There’s a movie from the early 90s that I saw once and have never been able to bear watching again, although I loved it.
It’s called “The Commitments,” and it’s about a scrappy rock band in Dublin that’s trying to make it and only sort of succeeding, with everyone at each other’s throats as they all chase their dream of being the Next Big Thing – the next U2.
You don’t have to watch the film to get that “The Commitments” really hits the nail pretty squarely on the head, because what each person is the band is finally committed to, and to what extent, is really the central question of the whole thing.
So, now let me ruin the movie for you.
If you’re watching on YouTube and thinking you might want to watch this movie, now is when you should go refresh your cup of coffee.
If you’re here, maybe you can try putting your fingers in your ears and humming something…maybe something by U2.
O.k., so the band comes together and isn’t bad.
In fact, they’re kind of good.
They begin to develop a bit of a following, and it’s clear they deserve it.
But almost as soon as that happens, tensions emerge, and as the movie continues, bit by bit, those tensions start to boil over.
People take sides.
Money is very tight.
Everyone is sort of jockeying to be the break out star if there’s going to be one.
Of course, there’s a romance between two of the band members that only makes things worse.
It seems like it’s all unraveling, and they all know it.

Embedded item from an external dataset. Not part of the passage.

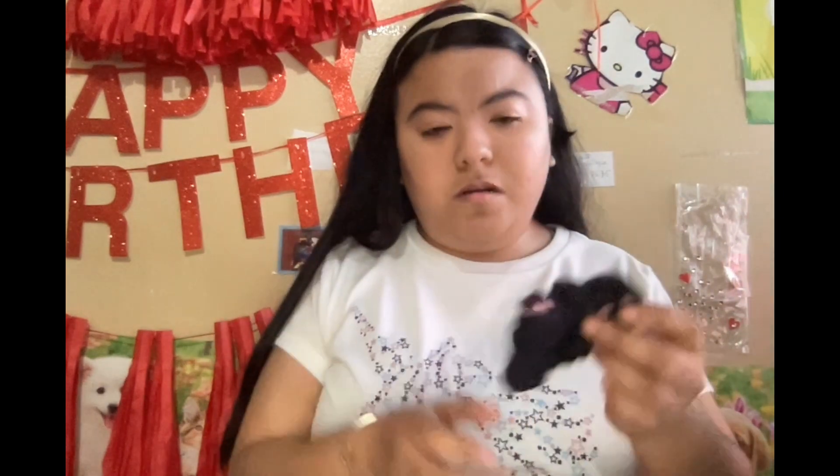I also have this one - don't mind the head. This one I bought - it actually came with an outfit that I bought at a store called Coppel. I got the scrunchie that has little dragonflies and butterflies on it.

So they decide to take a big gamble.
They invite a bunch of journalists to a gig, but in order to get them there, one of the band says that he’s inviting his friend, Wilson Pickett, the real life American blues guitarist, to sit in and join them in playing his hit “In the Midnight Hour.”
Word spreads.
Well…this is why I won’t watch this movie ever again.
Because the journalists show up.
The fans all come out.
The band starts playing.
It’s not bad.
But as midnight approaches, which is clearly the ideal time to sing a song titled “In The Midnight Hour,” there is no sign of Wilson Pickett.
The crowd turns on the band.
The journalists leave, disgusted with this big lie.
Two of the band get in a huge fistfight.
Another starts to storm off in frustration, saying he’s through.
Which is when an enormous limousine pulls up, and the driver lowers the window to ask directions to the club.
It’s Pickett. He’s there. He’s arrived.
Unfortunately, it’s too late.
I think about this as I imagine the story of Doubting Thomas.
Of course, the point is just the opposite, because it’s not too late.
And yet the question of Thomas’ commitments is very much in play.
What the others experience as an overwhelmingly joyful moment of encounter, with Jesus appearing among them, just doesn’t rise to the level of believability for a guy like Thomas.
Even the delight and relief of his friends does not convince him.
Clearly, his instincts are not to take things “on faith,”and yet, that’s an interesting observation to pause over.
Because it seems like he’s not pausing to think about what the Scriptures had foretold, or about what Jesus had been teaching them about himself – especially in his final weeks as he was moving toward Jerusalem.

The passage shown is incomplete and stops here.